Troubleshooting

Recovering from misconfigurations and bugs

Troubleshooting

Confidential Containers integrates several components. If you run into problems, it can sometimes be difficult to figure out what is going on or how to move forward. Here are some tips.

If you get stuck or find a bug, please make an issue on this repository or the repository for the component in question, e.g., the operator.

Kubernetes

To figure out which basic area you problem is in, first make sure that your Kubernetes cluster can schedule non-confidential workloads on your worker node. Remove the kata-* runtime class from your pod yaml and try to run a pod. If your pod still doesn’t run, please refer to a more general Kubernetes troubleshooting guide.

If your cluster is healthy but you cannot start confidential containers, you might be able get some helpful information from Kubernetes. Try kubectl describe pod <your-pod> Sometimes this will give you a useful message pointing to a failed attestation or some sort of missing environment setup. Most of the time you will see a generic message such as the following:

Failed to create pod sandbox: rpc error: code = Unknown desc = failed to create containerd task: failed to create shim: Failed to Check if grpc server is working: rpc error: code = DeadlineExceeded desc = timed out connecting to vsock 637456061:1024: unknown

Unfortunately, because this is a generic message, you’ll need to go deeper to figure out what is going on.

CoCo Debugging

A good next step is to figure out if things are breaking before or after the VM boots. You can see if there is a hypervisor process running with something like this.

ps -ef | grep qemu

If you are using a different hypervisor, adjust your command accordingly. If there are no hypervisor processes running on the worker node, the VM has either failed to start or was shutdown. If there is a hypervisor process, the problem is probably inside the guest.

Now is a good time to enable debug output for Kata and containerd. To do this, first look at the containerd config file located at /etc/containerd/config.toml. At the bottom of the file there should be a section for each runtime class. For example:

[plugins."io.containerd.grpc.v1.cri".containerd.runtimes.kata-qemu-sev]
  cri_handler = "cc"
  runtime_type = "io.containerd.kata-qemu-sev.v2"
  privileged_without_host_devices = true
  pod_annotations = ["io.katacontainers.*"]
  [plugins."io.containerd.grpc.v1.cri".containerd.runtimes.kata-qemu-sev.options]
    ConfigPath = "/opt/confidential-containers/share/defaults/kata-containers/configuration-qemu-sev.toml"

The ConfigPath entry on the final line shows the path to the Kata configuration file that will be used for that runtime class.

While you are looking at the containerd config, find the [debug] section near the top and set level to debug.
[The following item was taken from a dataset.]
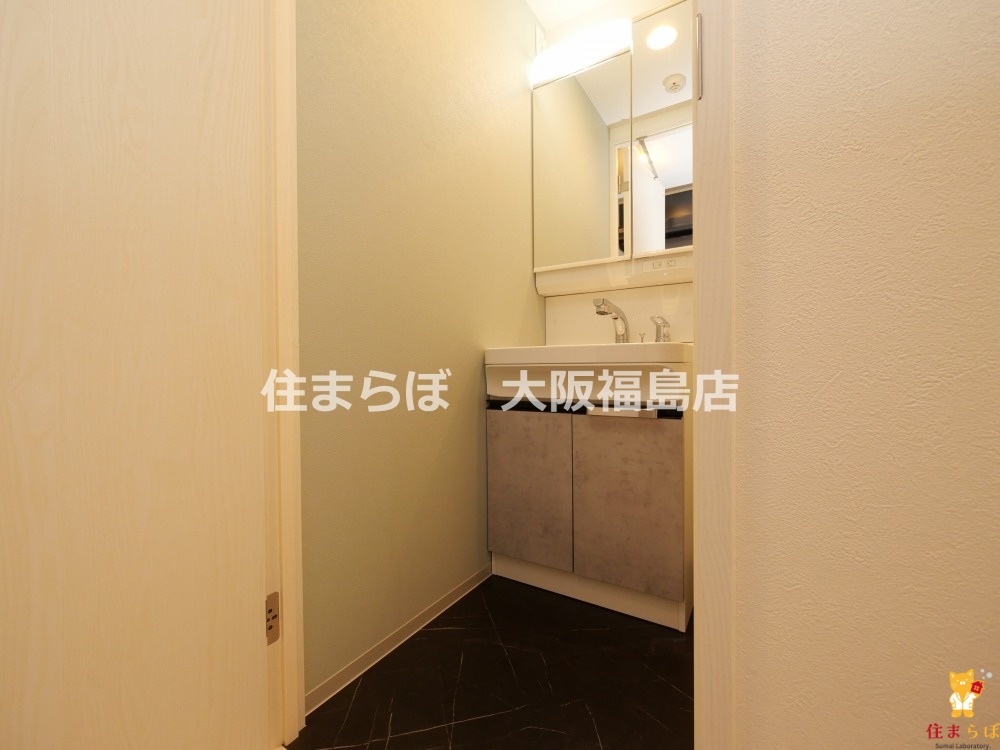 洗面設備　毎日使う場所だから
Make sure to restart containerd after editing the containerd config file. You can do this with sudo systemctl restart containerd.

Now go to the Kata config file that matches your runtime class and enable every debug option available. You do not need to restart any daemons when changing the Kata config file; just run another pod or hope that Kubernetes restarts your existing pod. Note that enabling debug options in the Kata config file can change the attestation evidence of a confidential guest.

Now you should be able to view logs from containerd with the following:

sudo journalctl -xeu containerd

Kata writes many messages to this log. It’s good to know what you’re looking for. There are many generic messages that are insignificant, often arising from a VM not shutting down cleanly after an unrelated issue.

VM Doesn’t Start

If the VM has failed to start, you might have a problem with confidential computing support on your worker node. Make sure that you can start confidential VMs without confidential containers.

Check the containerd log for any obvious errors regarding VM boot. Try searching the log for the string error or for the name of your hypervisor i.e. qemu or qemu-system-x86_64.

If there are no obvious errors, try finding the hypervisor command line. This should be in the containerd log if you have enabled debug messages correctly.

It might be tempting to try running the hypervisor command directly from the command line, but this usually isn’t productive. Instead, try starting a standalone VM using the same kernel, initrd/disk, command line, firmware, and hypervisor that Kata uses. This might uncover some kind of system misconfiguration. You can also find these values in the Kata config file, but looking in the log is more direct.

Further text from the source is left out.